Damit haben wir die Möglichkeit bekommen, im Sommer 2017 ein Bürogebäude im Frankfurter Bahnhofsviertel zu kaufen und das zugehörige Grundstück Niddastraße 57 in Erbpacht zu übernehmen. Unterschrieben ist bereits eine Anhandgabevereinbarung.
Wer sind wir?
Wir sind Handwerker*innen und Angestellte, Beschäftigte in sozialen und technischen Berufen, Studierende und Wissenschaftler* innen, Künstler*innen, Familien und Alleinerziehende, von 0 bis 64 Jahren. Einige von uns kennen sich seit Jahrzehnten, aus der Uni, aus politischen Zusammenhängen oder als Mitbewohner*innen, andere lernen sich erst in unserem Projekt kennen.
Der Austausch innerhalb der Gruppe geschieht über wöchentliche Plena und die kontinuierliche Kommunikation über eine Mailingliste. So sollen gleichermaßen Transparenz im Projekt sowie unbürokratische und demokratische Entscheidungsstrukturen gewährleistet werden. Um die Entscheidungen des Plenums vorzubereiten und die konkreten Aufgaben der Umsetzung zu bewältigen, haben wir uns in vier Arbeitsgruppen organisiert: Architektur, Finanzen, Öffentlichkeitsarbeit und Selbstverständnis.
Was planen wir?
Wir wollen das Bürogebäude von 1957 umwandeln in ein selbstverwaltetes und unverkäufliches Wohnhaus mit dauerhaft bezahlbaren Mieten – also ein weiteres Projekt im Mietshäuser Syndikat schaffen.
Auf sechs Etagen planen wir Wohnraum für jeweils sieben Bewohner*innen, die in ein bis zwei Haushalten pro Etage leben, insgesamt also 42 Bewohner*innen in ca. zehn Wohneinheiten. Jede Wohneinheit verfügt über eine Küche und ein bis zwei Bäder. Durch das weitgehende Fehlen von tragenden Wänden bieten sich Chancen, den unterschiedlichen Anforderungen größerer und kleinerer Familien sowie Wohngemeinschaften gerecht zu werden und von den Nutzer*innen mitgestaltet werden zu können. Mit der Einrichtung von großen Wohneinheiten schaffen wir Wohnraum, für den der Frankfurter Mietwohnungsmarkt trotz des großen Bedarfs kaum Angebote liefert. Bei Bedarf können die zwei Haushalte einer Etage auch durch einen Durchgang zu einer Wohneinheit zusammengelegt werden.
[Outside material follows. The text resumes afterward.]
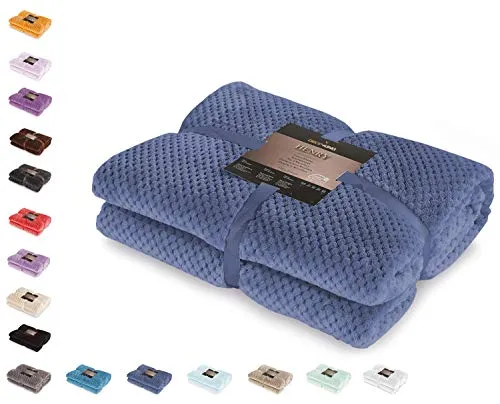 Kuscheldecken bis 10 Euro von DecoKing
Jedem*r Bewohner*in werden durchschnittlich 35 m2 Nutzfläche zur Verfügung stehen. Annähernd gleich große Räume bieten eine große Variabilität in der Nutzung und verhindern eine Aufrechnung nach Zimmergröße. Das gibt auch Raum für Modelle, mit denen die Mietkostengestaltung solidarisch angegangen werden kann. Die Mieten könnten beispielsweise einkommensabhängig gestaffelt werden. Die Mieten für Kinderzimmer sollen auf die gesamte Hausgemeinschaft umgelegt werden.
Im siebten Stockwerk planen wir neben Büro und Sport-/Toberaum einen großen Wohn- und Essbereich mit Gemeinschaftsküche für alle Bewohner*innen. Darüber ist eine große Dachterrasse geplant, die das fehlende Grün in den umliegenden Straßen ausgleichen soll.
Einen Bereich des Erdgeschosses wollen wir an einen externen Träger vermieten, der dort ein Spielcafé für Kinder und Eltern aus dem Haus und dem Viertel betreiben wird. Ein weiterer Teil soll an einen sozialen Träger für Beratungstätigkeiten, aber auch Informationsabende vermietet werden; eventuell zusammenhängend mit dem Spielcafé. Außerdem ist ein Raum für künstlerisches Arbeiten sowie Veranstaltungen vorgesehen. Alle drei Nutzungsformen des Erdgeschosses zielen darauf, einen lebendigen Austausch mit dem Bahnhofsviertel zu ermöglichen.
Das Frankfurter Bahnhofsviertel
Das Bahnhofsviertel hatte bis vor kurzem nicht viele Bewohner*innen. Erst in den letzten Jahren haben hier die bekannten Gentrifizierungsprozesse stattgefunden und zuletzt galt das Viertel bei Neuvermietungen als teuerstes Pflaster der Stadt. Daneben ist es immer noch stark migrantisch geprägt, beheimat gleichzeitig Rotlichtmilieu und Drogenszene, die im Winter 2016/2017 allerdings wieder stark unter Repressionsdruck gerät.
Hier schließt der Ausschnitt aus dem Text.